What is Revenue Per Employee?
A productivity metric calculated by dividing an agency's total revenue by its number of full-time equivalent employees, indicating how efficiently the team generates income.
Definition
Related Terms
Billable Utilization
The percentage of total working hours that employees spend on billable client work versus non-billable activities. It's a critical metric for agency profitability and resource planning.
Agency Profitability
The measure of how much revenue an agency retains after covering all costs, including salaries, overhead, software, and subcontractor expenses.
Profit Margin
The percentage of revenue that remains as profit after all costs are deducted. Profit margins measure agency financial health and sustainability.
Agency Overhead
The ongoing business expenses that are not directly tied to delivering client work, including rent, software, insurance, admin salaries, and utilities.
Related Resources
Frequently Asked Questions
What is a good revenue per employee for an agency?
Most agencies target $150,000 to $250,000 per employee, depending on the type of agency.
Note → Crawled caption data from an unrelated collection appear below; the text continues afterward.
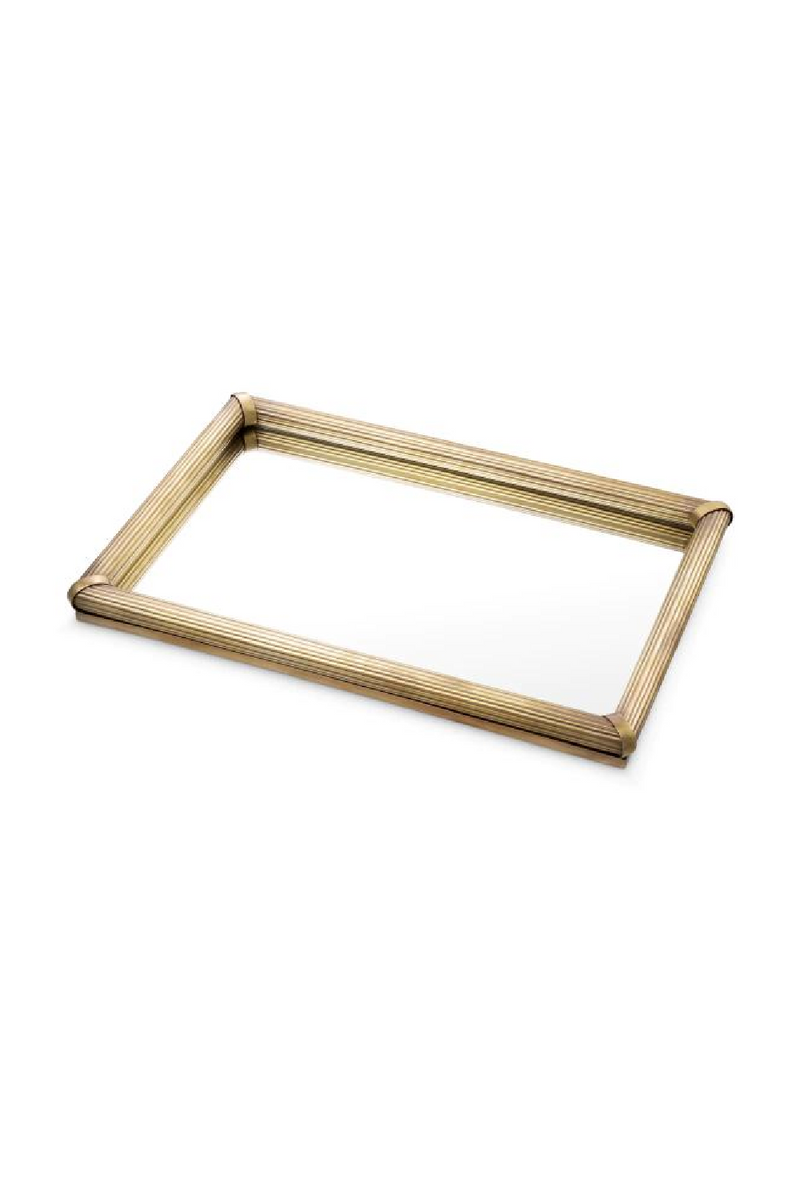 Ribbed Vintage Brass Tray | Eichholtz Lenora | Eichholtzmiami.com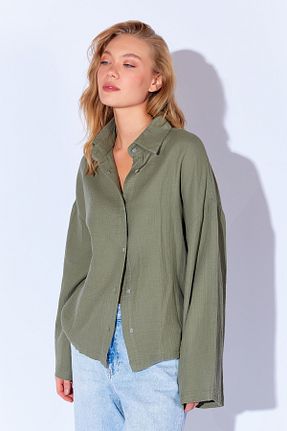 پیراهن خاکی زنانه اورسایز Manche - کد 856389151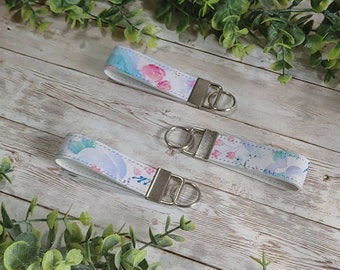 Watercolor Flowers Wristlet | Wrist Strap Keychain | Short Lanyard | Handmade Gift | Handmade Accessory | Christmas Gift | Stocking Stuffer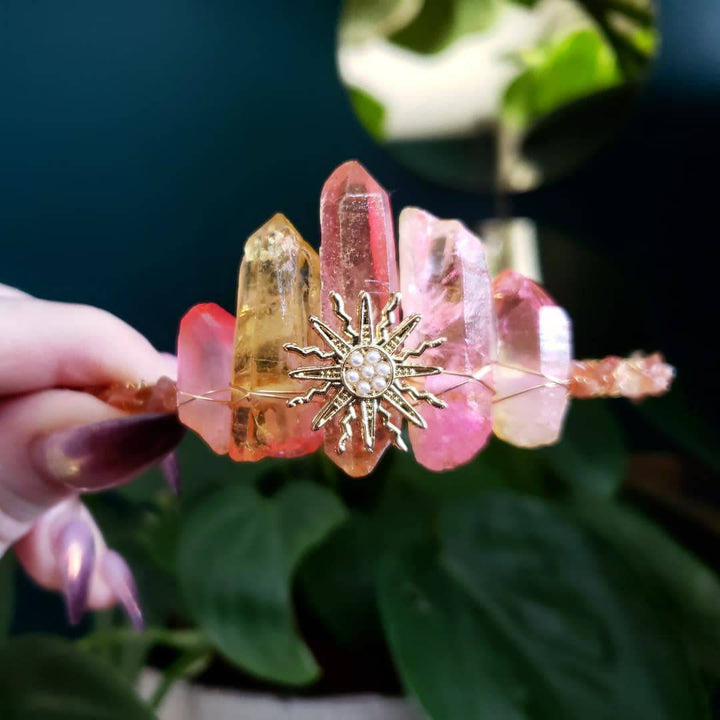 Olivenorma Pink Crystal Sun Stone Festival Boho Crystal Crown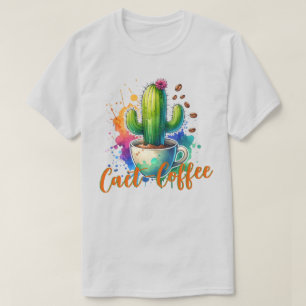 Aquarell-Kaktus, der Kaffee liebt T-Shirt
Digital marketing agencies average around $150,000-$200,000, while development and consulting firms can exceed $250,000.
How do you count employees for revenue per employee?
Use full-time equivalents (FTEs). Two half-time employees count as one FTE. Include all staff, not just billable roles, since overhead staff contribute to delivery capacity. Freelancers and contractors are typically excluded.
Why is my revenue per employee decreasing?
Common causes include hiring ahead of revenue, taking on lower-value projects, poor utilization rates, or scope creep eating into margins. Review your pricing, utilization data, and project mix to identify the root cause.